Did you manually calibrate it into place, or use a high impact device?


----------



## MircleWorker (Mar 21, 2006)

AVGuyAndy said:


> That's not a very good attitude to have about this situation. Getting the superintendent mad is something you should not be proud of. I know our Asst. Superintendent well, and he wrote me a great college letter of reccomendation, and he definately helped me in getting a special award, which I will be receiving in a few weeks. (Acutally, early in the morning after the first show of the musical I am LD for...ugh)


I feel he, superintendent, will get over it. I'm not going to loose any sleep that I made a mistake. I don't mind being humbled now and then. It just goes to show you that the simplest of shows you could still mess up on.


----------



## Mayhem (Mar 21, 2006)

len said:


> Did you manually calibrate it into place, or use a high impact device?



How does that old saying go - "Hammer to fit, paint to match"


----------



## ship (Mar 21, 2006)

"Superintendant will get over it" - next time he needs you.

POW's in the Viet Nam war had this concept for interrogations that serve well for all tech people in advice much less career.

At times you fail, you break down and will given torture will sign anything or say anything just to make the pain go away. The next day you wake up with a fresh intent to do better and start over. The only ones under the pressure we and they had that fail are those who don’t learn or attempt to do better again. Had a vow at one point that I would never let anyone else do my wiring for imprtant projects for me.

Mad it again given I had to allow others to at the last minute help me. I was ready in my end of doing the wiring, others were not and necessitated me trusting others understanding of for me simple concepts. Again I was shown that while I did not do it, I was responsible for it and failed. Next day was a new day, I could either let this get me down and think that my boss that called me on what crap I had done that was now costing us time and money on the job site in being wrong, or continue on with my job to the best extent I could.

Next day I did get a call from the boss in requesting other work done for me. I have sufficient brownie points and or good work done that it’s known that while there is exceptions and things learned, on the whole what I do is good quality and worth me doing it. At the point where what I do is more wrong than right, than I and the boss worries as opposed to an intent to replace me. 

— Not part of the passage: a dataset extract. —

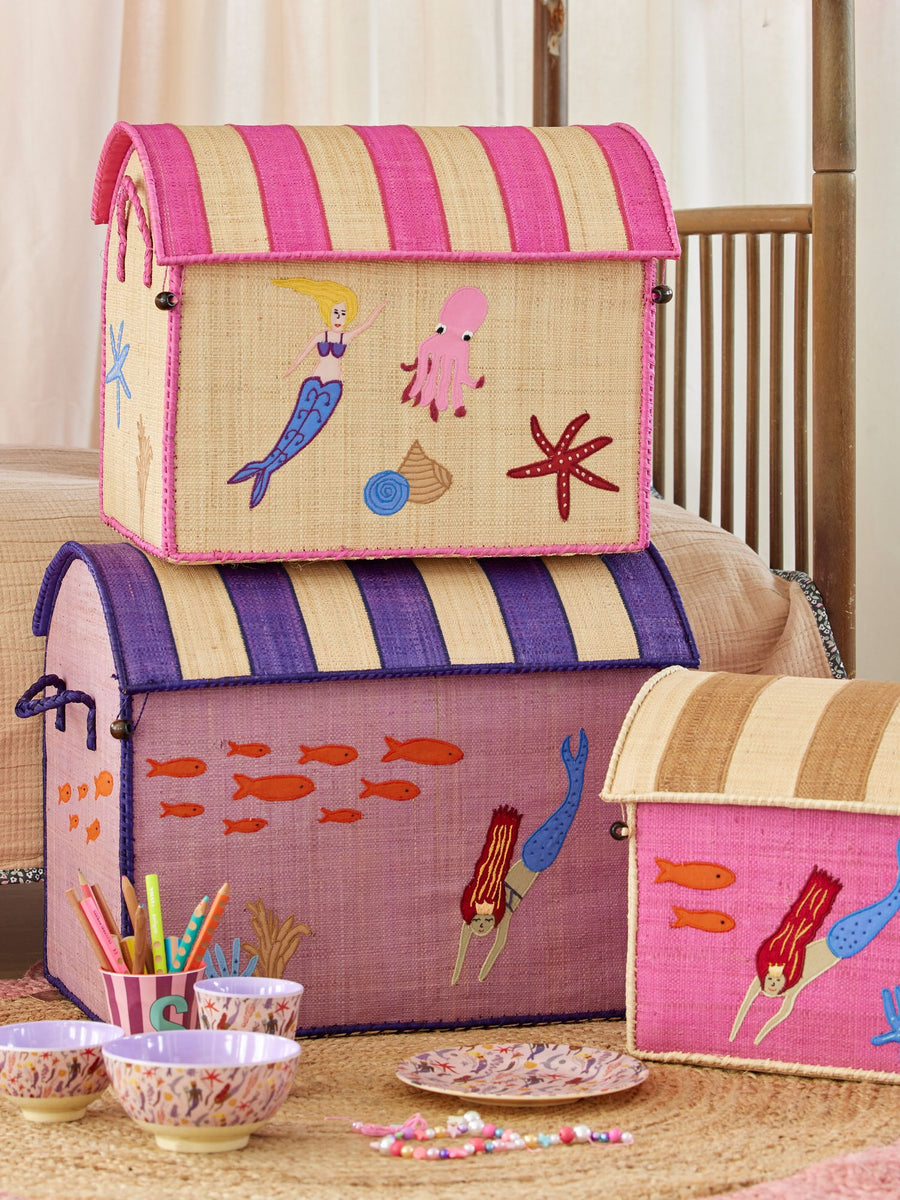 Raffia Storage House - Mermaid Theme - Set of 3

So the next day I woke up in having some serious not in theory stuff I did but stuff under my supervision done work done badly, than went on doing the best I could.

Sure, they found a Soco type plug mis-wired and I specifically had someone testing these outlets. Yep, they found some five conductor cable plugs mis-wired but it was three people including one semi-lighting prep person and two carpenters wiring these outlets given I thought good instructions as to what color wire went into what outlet. This given the person who gave me cable length not just once I re-did but twice changed in shortening the cable length thus I in the end had to have a crew of people cover for this other person’s shortfall in starting over again at the last minute. My cable was pre-wired and done correctly but twice had to cut the cable in installing new outlets on it so as to compensate for someone else now making me look bad having necessitated me having other people do my wiring or making me fall behind in being done.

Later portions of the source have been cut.